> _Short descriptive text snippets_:
==*==
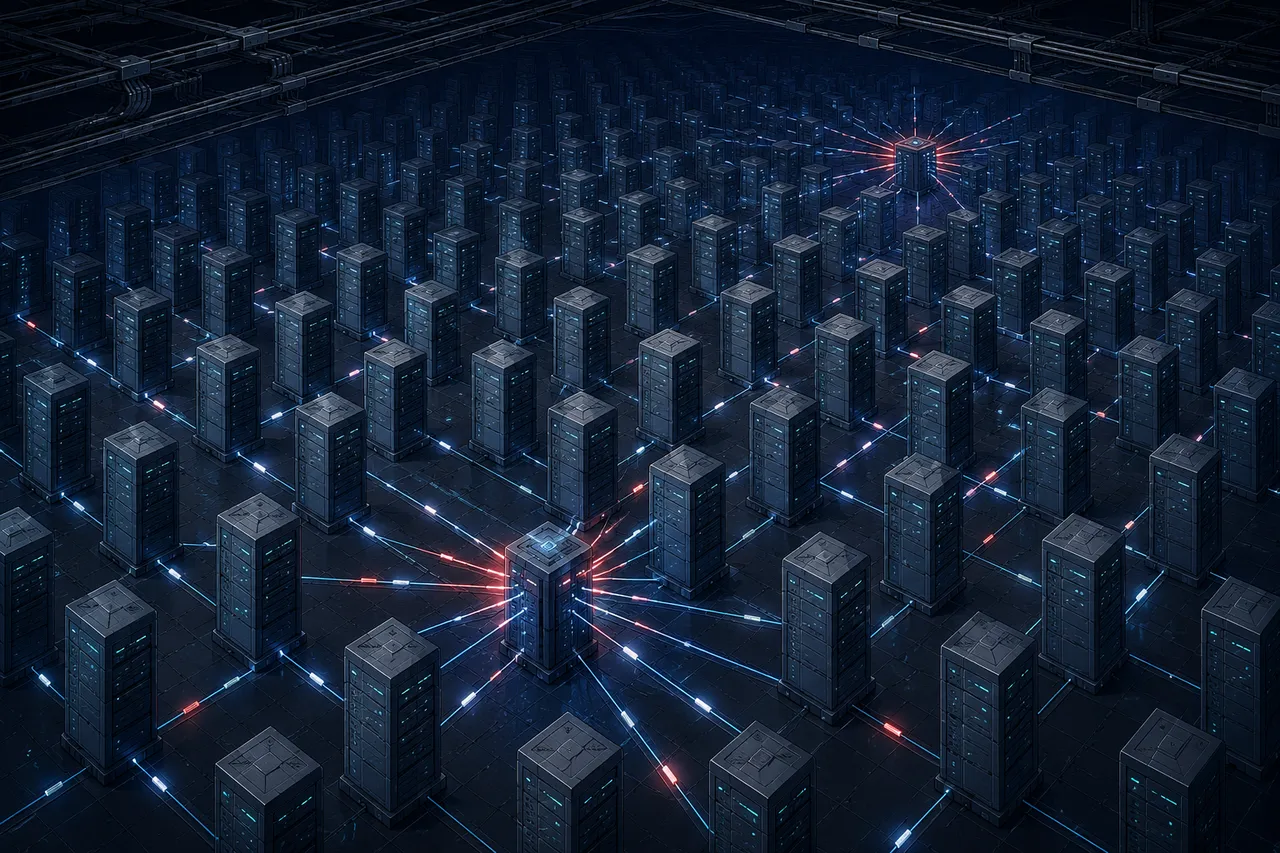 A grid of dark server towers connected by faint glowing lines, with numerical streams flowing between them in a vast underground hall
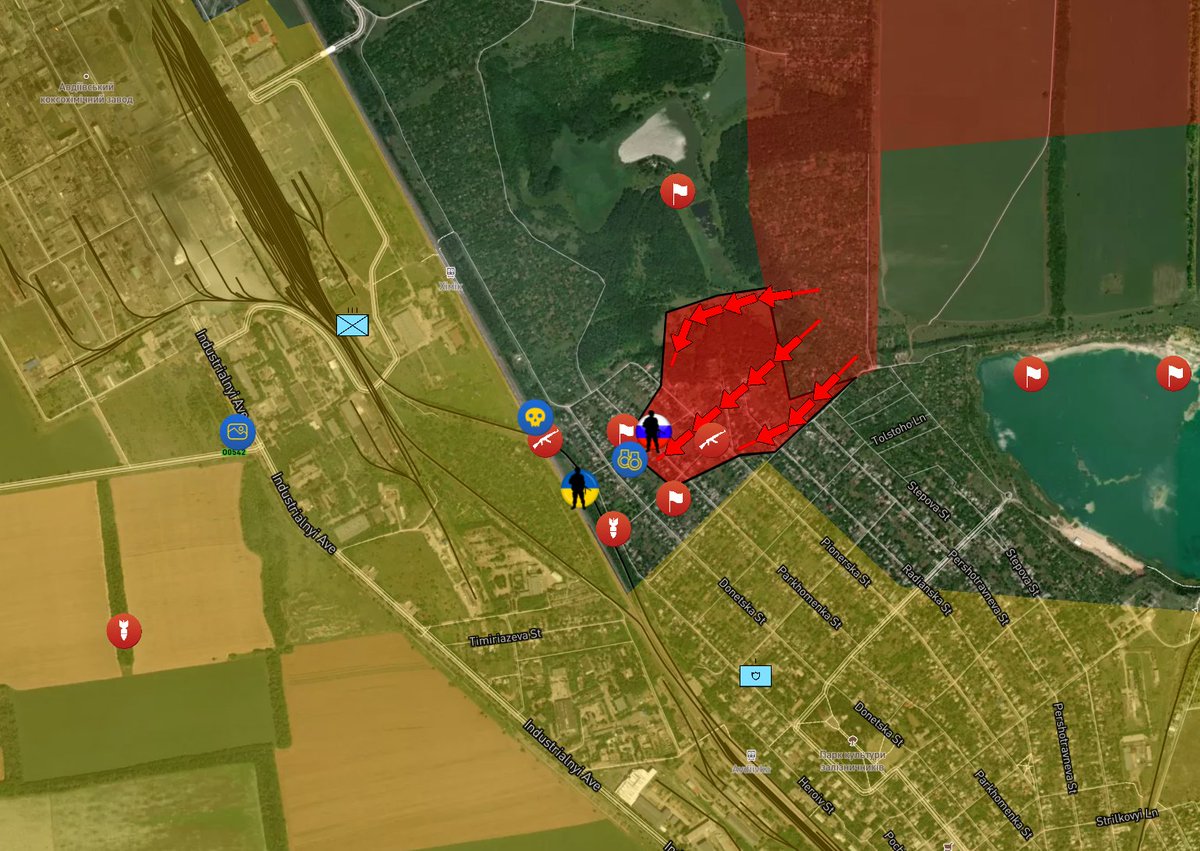 #UkraineRussiaWar️ 
Ukrainian OSINTers confirm the advance of the Russian Armed Forces in the central part of #Avdiivka towards Donetska Street.
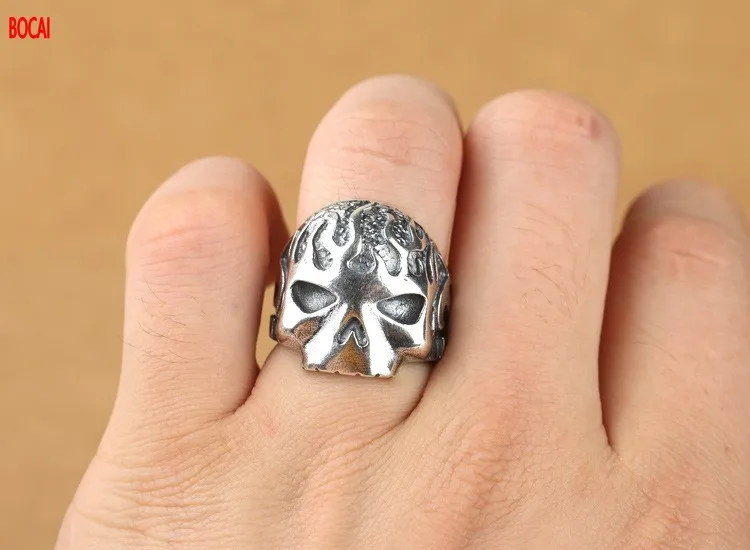 

Real S925 Sterling Silver Jewelry Fashion Trend Korean Personality Men's Thai Silver Open Silver Ring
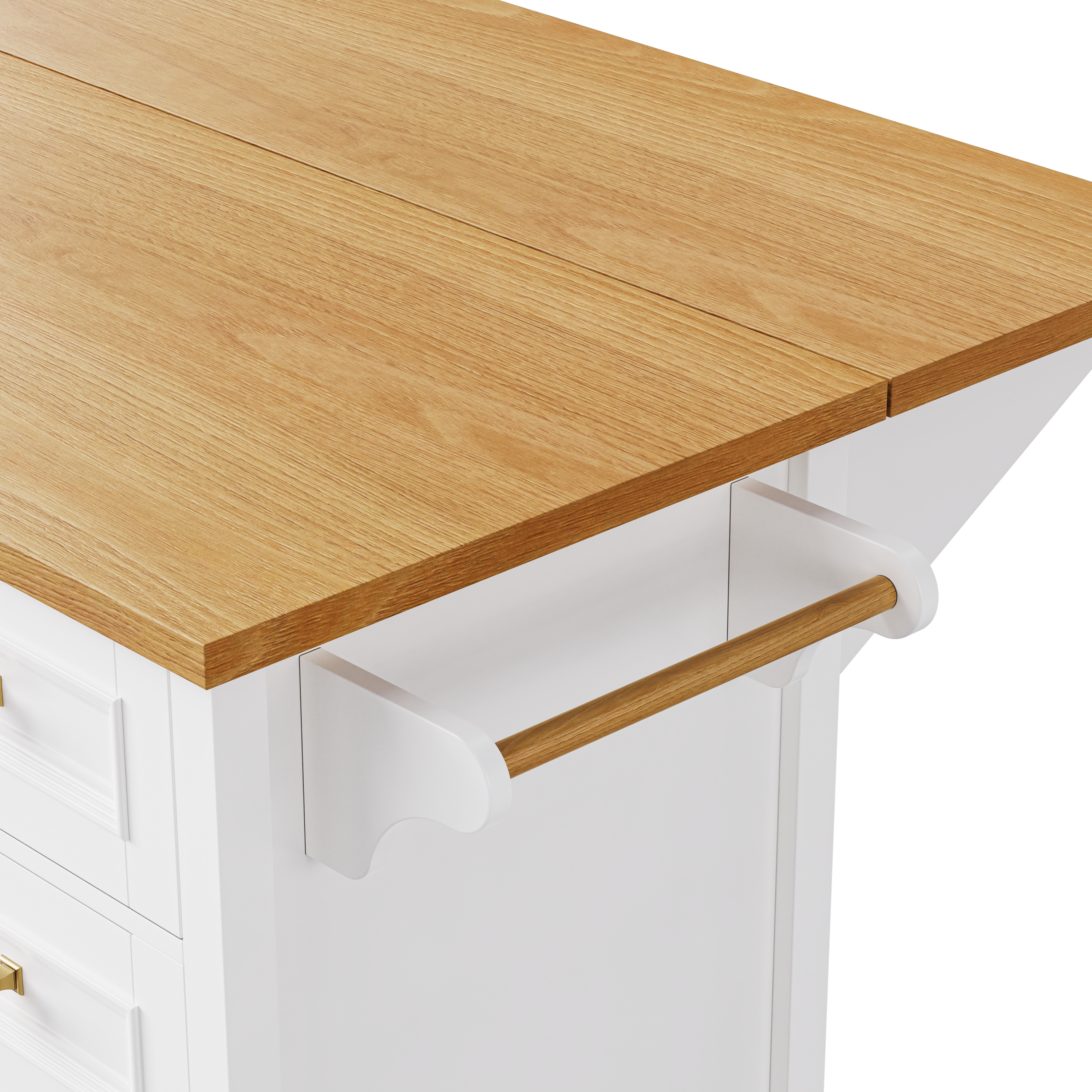 K&K 52'' Kitchen Island with Drop Leaf, Embossed Texture Kitchen Island on Wheels with Spice Rack, Towel Rack, 2 Doors and 5 Drawers, Kitchen Storage Cart with Adjustable Shelf for Kitchen, White - Grand Goldman Shop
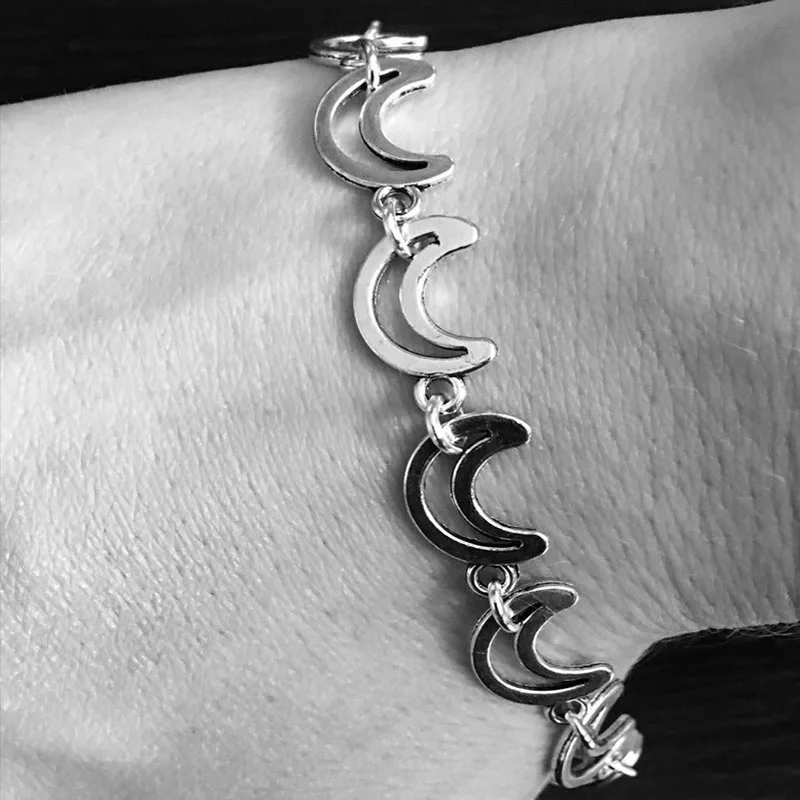 Ankh charm bracelet Pentagram pagan bracelet Crescent moon bracelet. - Image 4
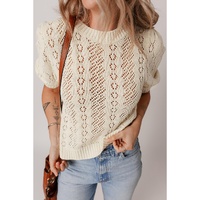 Beige Hollowed Pattern Knit Short Puff Sleeve Sweater - M thumbnail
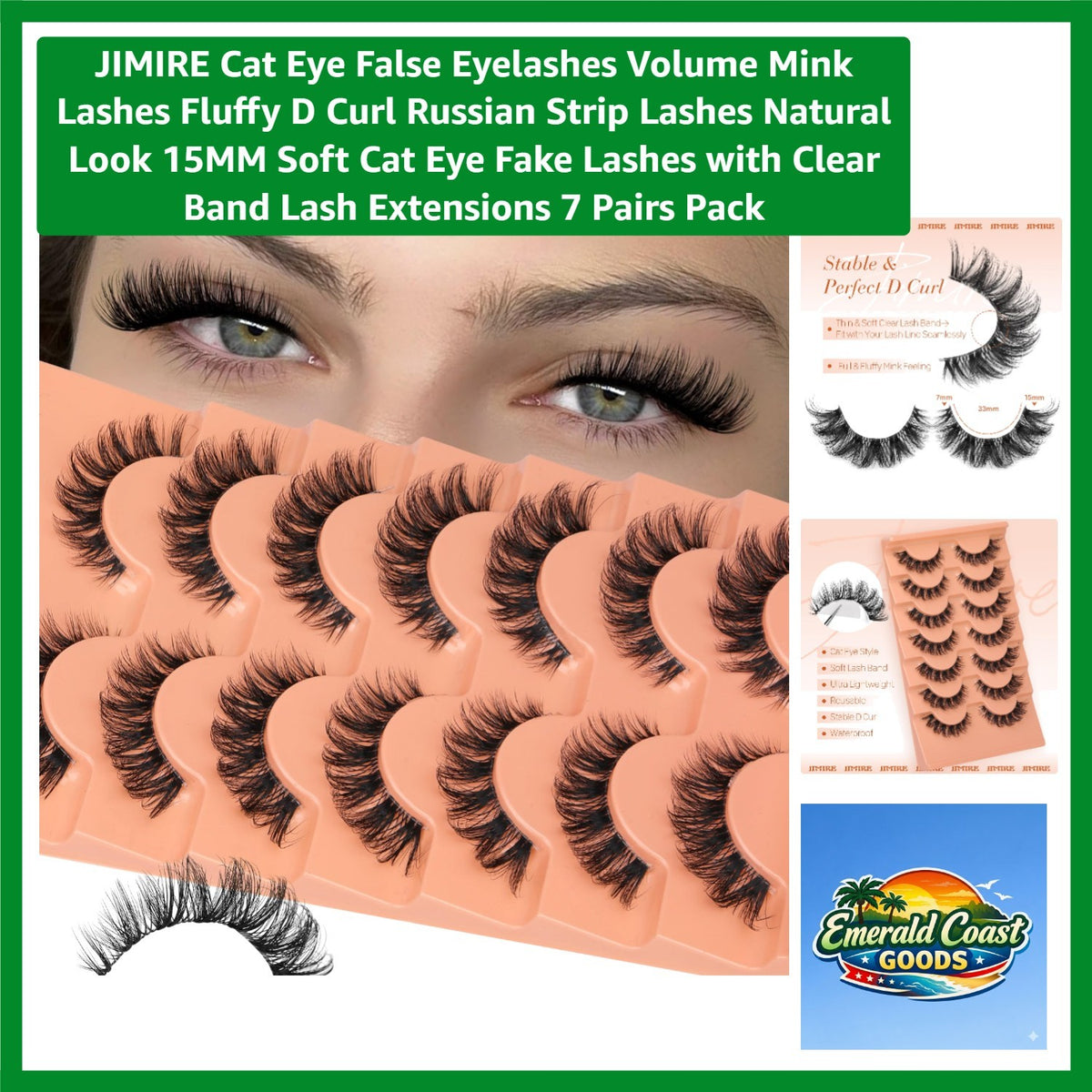 D-Curl Cat Eye False Lashes 15MM Fluffy Mink Eyelashes - Cruelty-Free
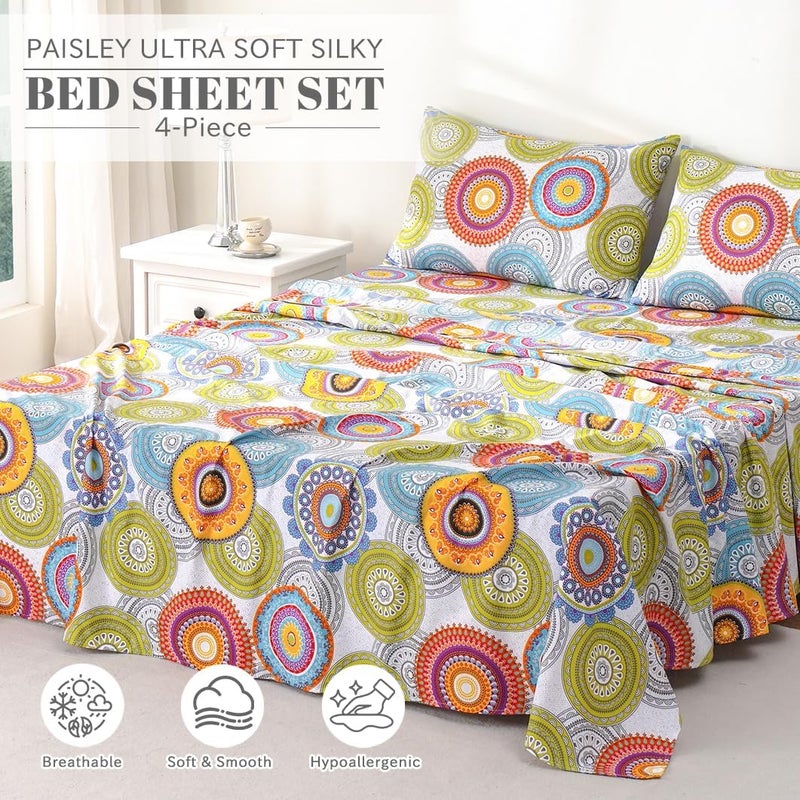 Bedlifes Twin Sheet Set Ultra Soft, Breathable, Silky Flower Deep Pocket 100% Microfiber Bedding, 3 Piece Twin Size Mandala Patterned - Image 2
==*==
> _WHAT IS EXPECTED_:
Reproduce the entries above exactly, without images.

> _TASK RESPONSE_:
 A grid of dark server towers connected by faint glowing lines, with numerical streams flowing between them in a vast underground hall
 #UkraineRussiaWar️ 
Ukrainian OSINTers confirm the advance of the Russian Armed Forces in the central part of #Avdiivka towards Donetska Street.

Real S925 Sterling Silver Jewelry Fashion Trend Korean Personality Men's Thai Silver Open Silver Ring
 K&K 52'' Kitchen Island with Drop Leaf, Embossed Texture Kitchen Island on Wheels with Spice Rack, Towel Rack, 2 Doors and 5 Drawers, Kitchen Storage Cart with Adjustable Shelf for Kitchen, White - Grand Goldman Shop
 Ankh charm bracelet Pentagram pagan bracelet Crescent moon bracelet. - Image 4
 Beige Hollowed Pattern Knit Short Puff Sleeve Sweater - M thumbnail
 D-Curl Cat Eye False Lashes 15MM Fluffy Mink Eyelashes - Cruelty-Free
 Bedlifes Twin Sheet Set Ultra Soft, Breathable, Silky Flower Deep Pocket 100% Microfiber Bedding, 3 Piece Twin Size Mandala Patterned - Image 2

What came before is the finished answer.